EXERCISE REQUIREMENTS:
Only the lines from the one with "living area with" through the end of the data below belong in the answer, restated word for word, pictures excluded.

Short web captions:

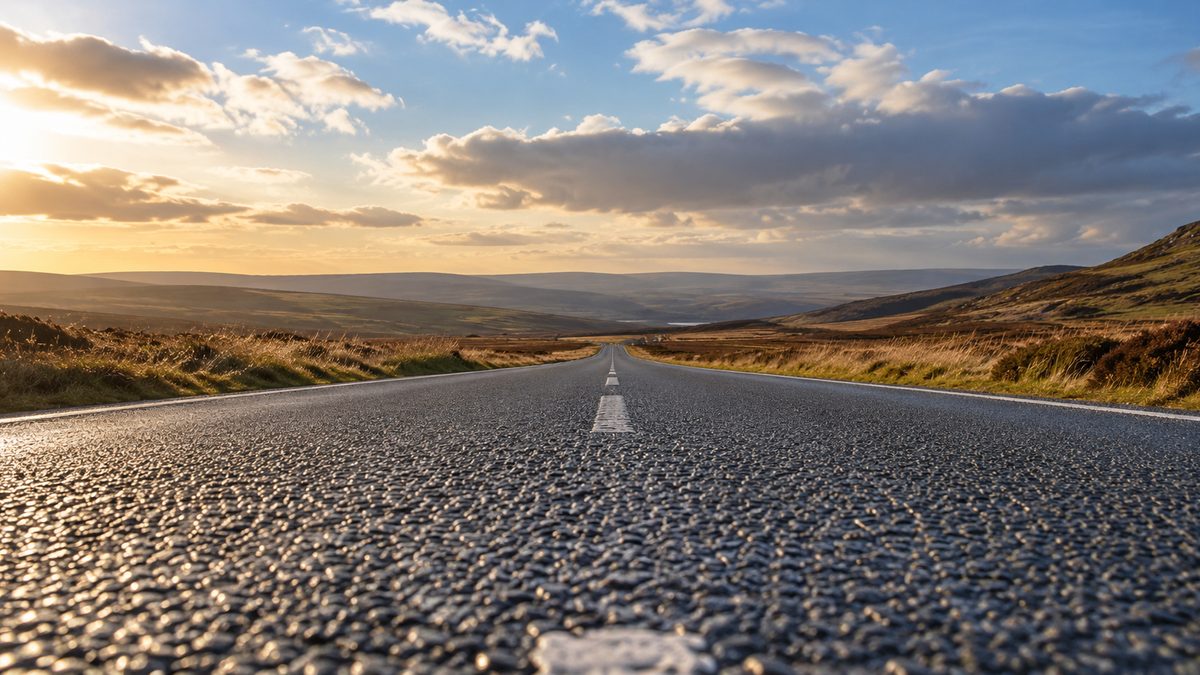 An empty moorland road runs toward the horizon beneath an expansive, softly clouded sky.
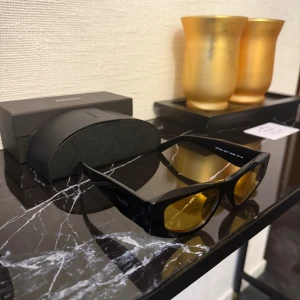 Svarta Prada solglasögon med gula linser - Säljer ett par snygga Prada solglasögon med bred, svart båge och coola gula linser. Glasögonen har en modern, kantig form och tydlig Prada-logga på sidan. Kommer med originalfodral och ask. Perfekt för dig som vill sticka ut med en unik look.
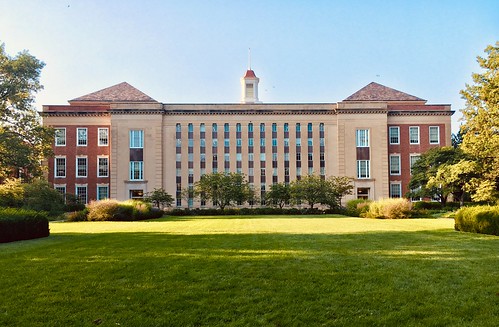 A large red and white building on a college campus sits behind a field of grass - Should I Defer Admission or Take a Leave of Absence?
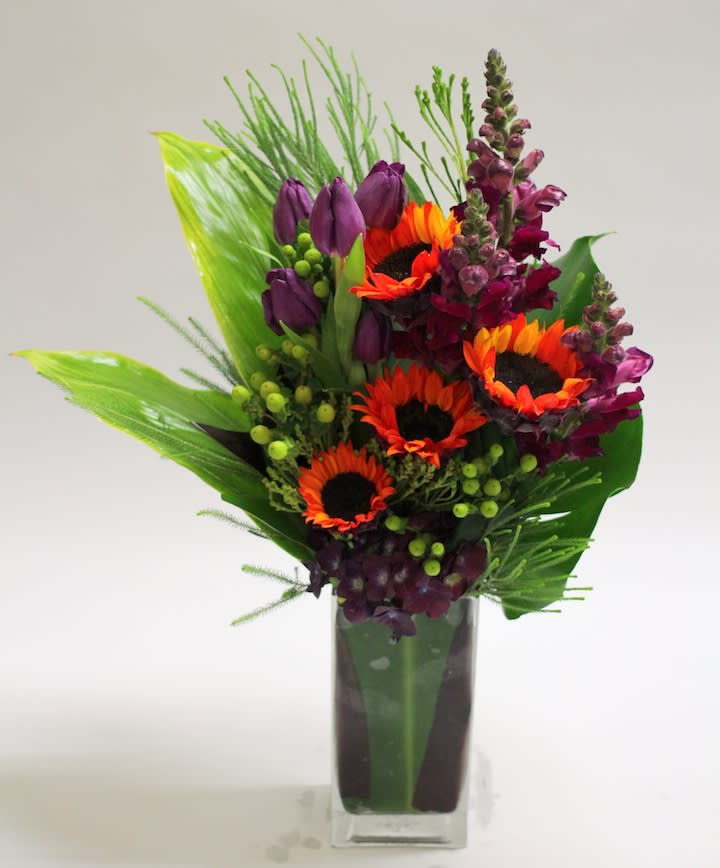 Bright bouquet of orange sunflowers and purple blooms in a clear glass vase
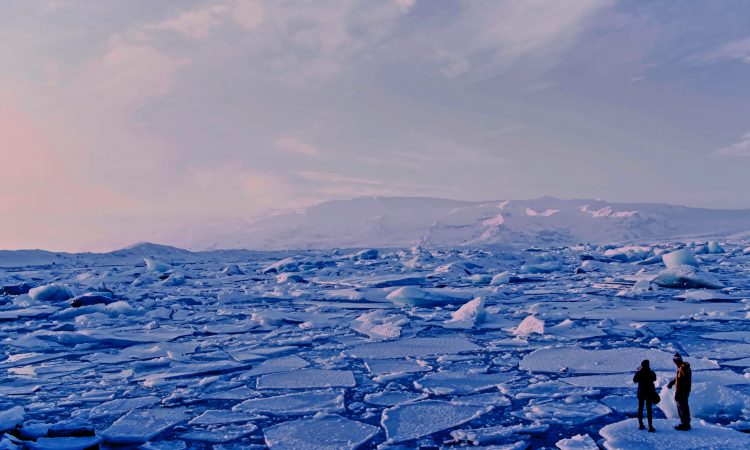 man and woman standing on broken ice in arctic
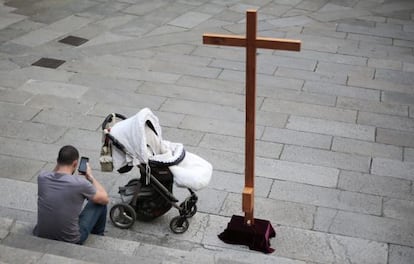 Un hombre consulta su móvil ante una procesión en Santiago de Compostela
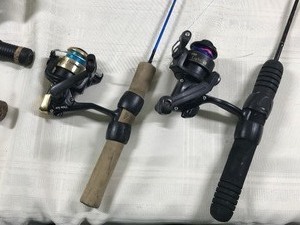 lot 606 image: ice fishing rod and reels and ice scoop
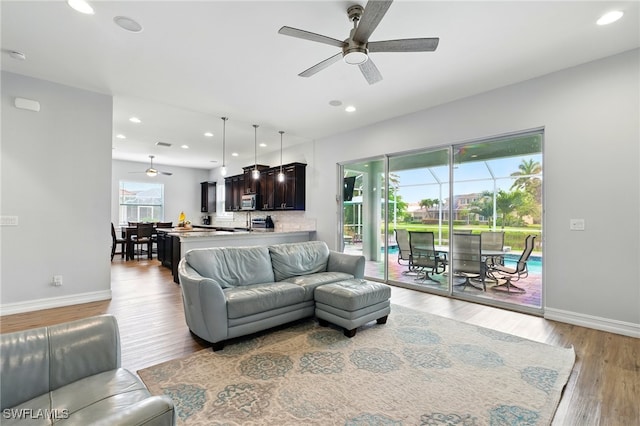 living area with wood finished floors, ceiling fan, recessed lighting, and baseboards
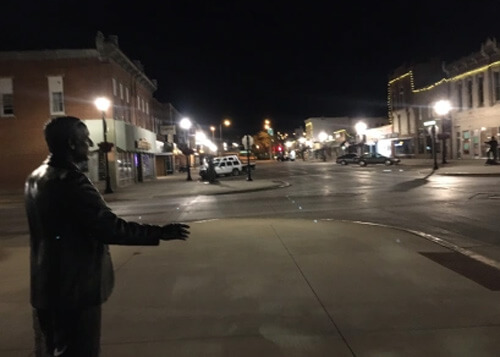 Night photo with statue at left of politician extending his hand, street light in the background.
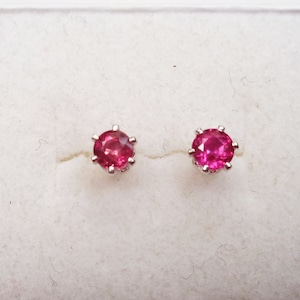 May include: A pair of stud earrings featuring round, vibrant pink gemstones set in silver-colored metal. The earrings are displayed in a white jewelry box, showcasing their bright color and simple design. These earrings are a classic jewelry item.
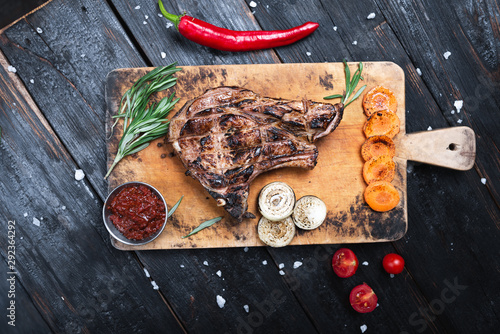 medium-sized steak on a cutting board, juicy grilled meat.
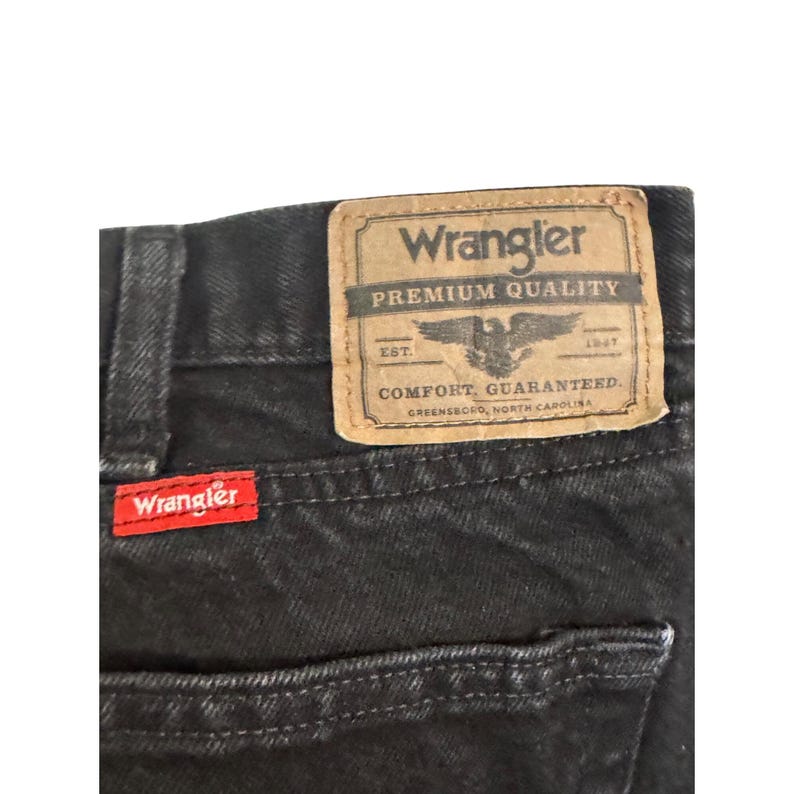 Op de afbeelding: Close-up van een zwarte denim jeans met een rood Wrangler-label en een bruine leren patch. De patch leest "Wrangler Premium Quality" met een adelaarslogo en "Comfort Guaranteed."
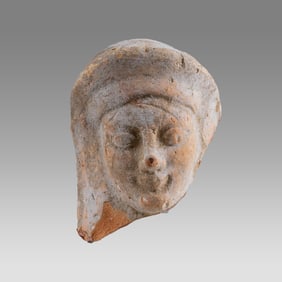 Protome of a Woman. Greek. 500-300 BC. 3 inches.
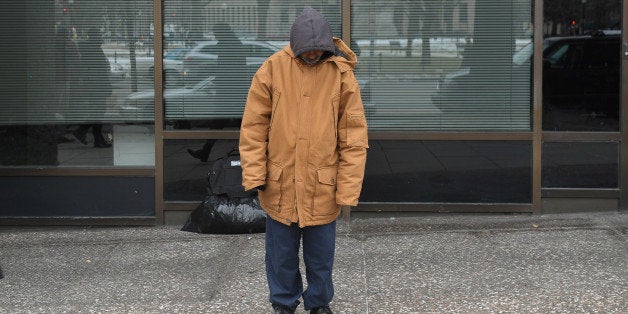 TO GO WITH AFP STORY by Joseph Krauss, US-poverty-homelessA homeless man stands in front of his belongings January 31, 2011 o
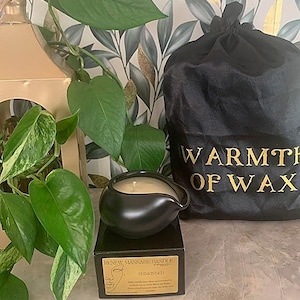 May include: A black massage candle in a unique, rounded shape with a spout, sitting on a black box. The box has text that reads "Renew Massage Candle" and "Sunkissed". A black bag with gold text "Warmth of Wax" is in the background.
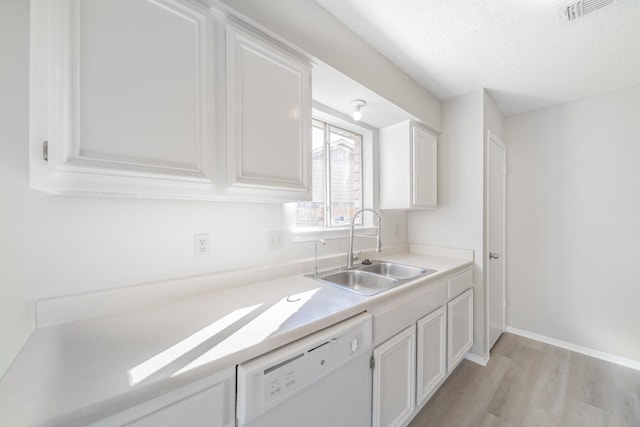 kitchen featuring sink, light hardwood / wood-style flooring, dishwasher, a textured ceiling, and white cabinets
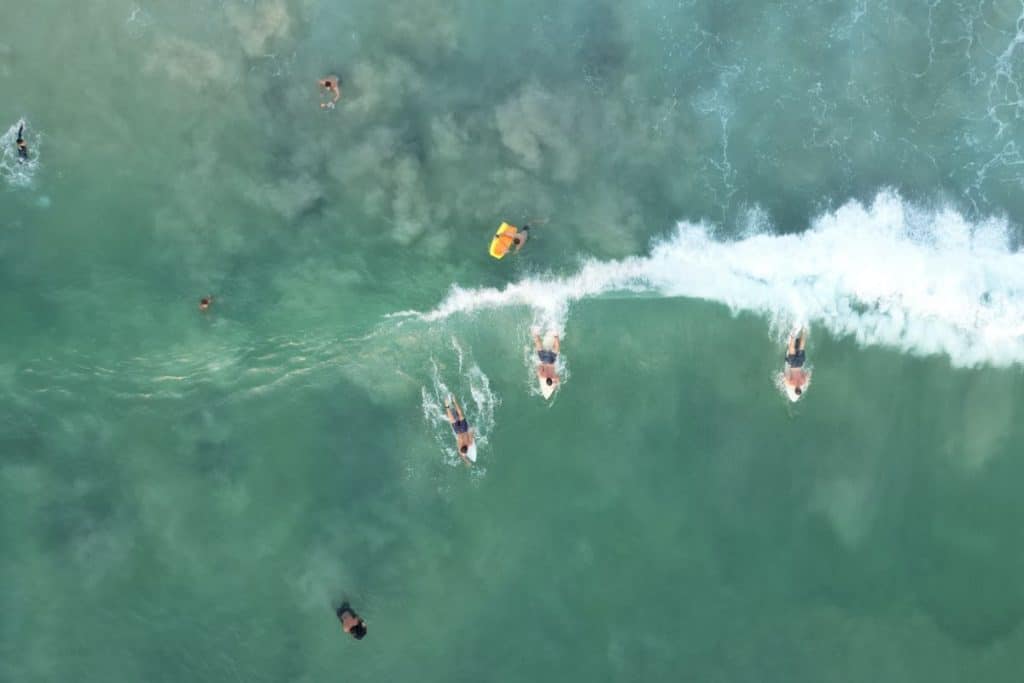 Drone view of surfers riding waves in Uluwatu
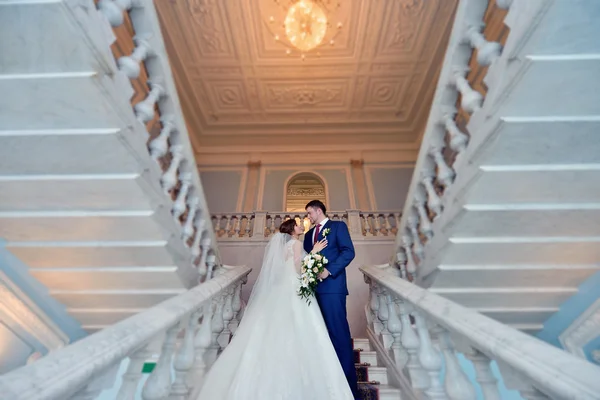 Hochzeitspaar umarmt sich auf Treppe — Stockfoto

EXERCISE SOLUTION:
 living area with wood finished floors, ceiling fan, recessed lighting, and baseboards
 Night photo with statue at left of politician extending his hand, street light in the background.
 May include: A pair of stud earrings featuring round, vibrant pink gemstones set in silver-colored metal. The earrings are displayed in a white jewelry box, showcasing their bright color and simple design. These earrings are a classic jewelry item.
 medium-sized steak on a cutting board, juicy grilled meat.
 Op de afbeelding: Close-up van een zwarte denim jeans met een rood Wrangler-label en een bruine leren patch. De patch leest "Wrangler Premium Quality" met een adelaarslogo en "Comfort Guaranteed."
 Protome of a Woman. Greek. 500-300 BC. 3 inches.
 TO GO WITH AFP STORY by Joseph Krauss, US-poverty-homelessA homeless man stands in front of his belongings January 31, 2011 o
 May include: A black massage candle in a unique, rounded shape with a spout, sitting on a black box. The box has text that reads "Renew Massage Candle" and "Sunkissed". A black bag with gold text "Warmth of Wax" is in the background.
 kitchen featuring sink, light hardwood / wood-style flooring, dishwasher, a textured ceiling, and white cabinets
 Drone view of surfers riding waves in Uluwatu
 Hochzeitspaar umarmt sich auf Treppe — Stockfoto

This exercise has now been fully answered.